The careworn life of Tsuruko (first sister), the hesitations of Yukiko (third sister), the unhappiness of Taeko (Koi-san, fourth sister) all gain from contrast with the stability and happiness of Sachiko and Teinosuke. And what an evocation of the old ways of Japan. Changing rapidly even as Tanizaki writes of them.

Detail by detail - Etsuko's games with the German girl Rosemarie, Itakura's leather coat, the 'old one', Koi-san's mimicry and mingled love and resentment of Yukiko...there are literally thousands of details. Teinosuke's love of Spring in his garden, the vitamin injections the sisters take, the forthrightness of Itani - all, everyone, is so precise, not random at all, chosen to evoke mood, reveal character, show milieu.

So powerful and evocative has the book been - yet nothing really happens, except to Koi-san. The war approaches, the old Japan changes, Yukiko gets married - unforgettable!

I've seen advertised a TV serialisation of The Makioka Sisters, but can't imagine how it could succeed. So much of the book's effect is through language.

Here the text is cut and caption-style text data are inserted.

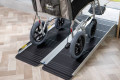 Wheelchair overcoming a step using a wheelchair ramp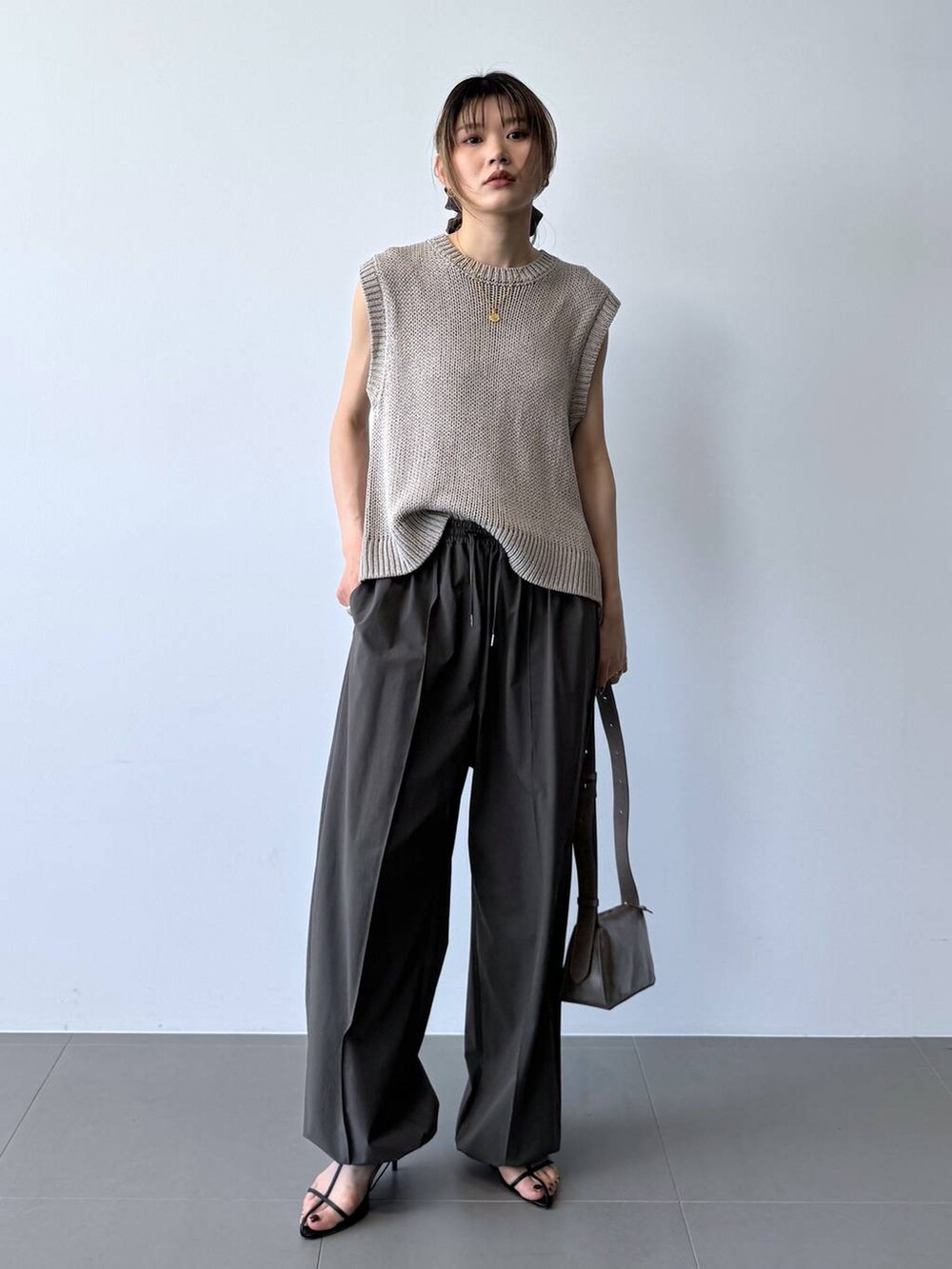 ブラック系のサンダル、グレー系のその他パンツ、ベージュ系のTシャツ/カットソーを着用したレディースの春コーディネートの2枚目の写真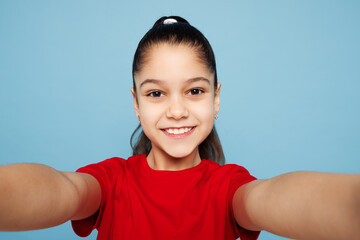 Close up little child kid girl 8-9 years old wears red t-shirt have fun doing selfie shot pov on...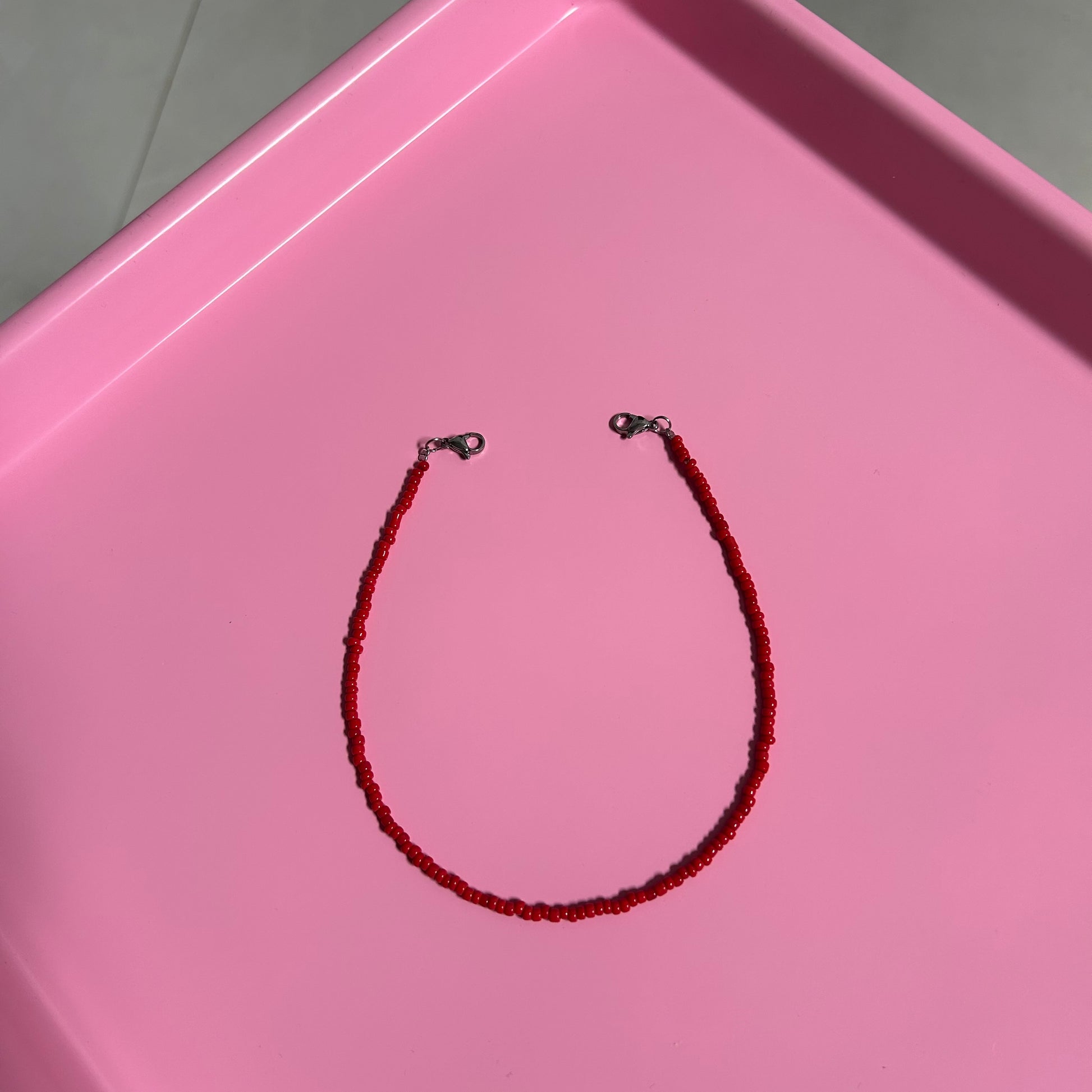 Red beaded necklace on a pink tray
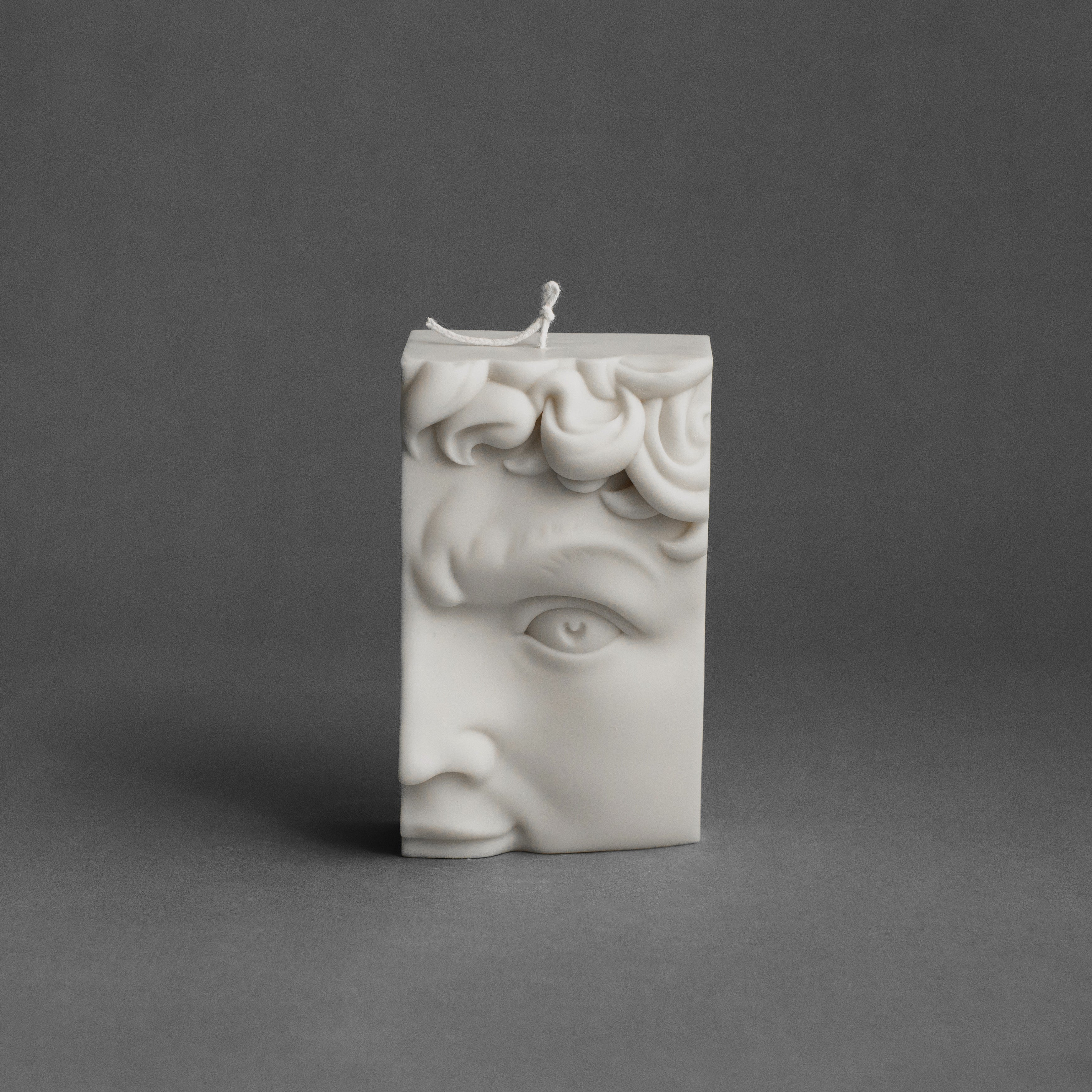 White David’s half face pillar candle by LAWA featuring a sculptural classical profile in soy wax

Visually, certain scenes stand out, such as the cherry blossom viewing or the flood. The narrative though is largely uneventful, small actions that dramatically and convincingly reveal a character's state of mind, early history or personality.

Written with love, a strong love of people and place, the book creates love in the reader. Because of Tanizaki I have loved Osaka in the late 1930s and have learned to treasure and respect its people. For those hesitating to undertake reading such a 'Japanese' work as The Makioka Sisters there is the perfect bridging novel The Wind-up Bird Chronicle (Nejimaki-dori kuronikuru, 1995) by Haruki Murakami, which does mention the war - and Charlie Parker and 'hard-boiled' detective stories and Jungian archetypes and the surreal: a roller coaster of a novel and one of the best as well.

0 of 0 people found the following review helpful.
The end of an era story in Japan
By Mary Ann Marko
The translation had only a few minor glitches. Usually I forgot I was reading a translation. Although it was nearly 500 pages, it was constructed with short chapters which gave it many good stopping points. I read it slowly which matched the pace of the writing. There was so much of the story in the long inner thoughts of the characters. Each sister was distinct so I had no confusion as to which one I was reading about. Some of the descriptions were so real that I can recall them easily. The depiction of the cherry blossom festival itself was worth the price of the book.
I read the book with the sad knowledge that all this (1936 - 1941) was to radically change in a very short time. The book though does not have any feeling of dread for coming events. It is a lovely book by an obviously great writer. I can see why it is considered an international classic. The book itself, a selection from Everyman's was a joy to hold. The pages are silky and there is an attached bookmark made of black ribbon. For someone who likes to immerse themselves into long story of a rather short time span with credible people caught in history, this is a perfect book.

0 of 0 people found the following review helpful.
could be edited better...some typos etc....faulty translation work?
By cwh
very enjoyable read However there are a few typos or imperfect translation/editing that can make it difficult to understand. kind of disturbing. otherwise very sweet read.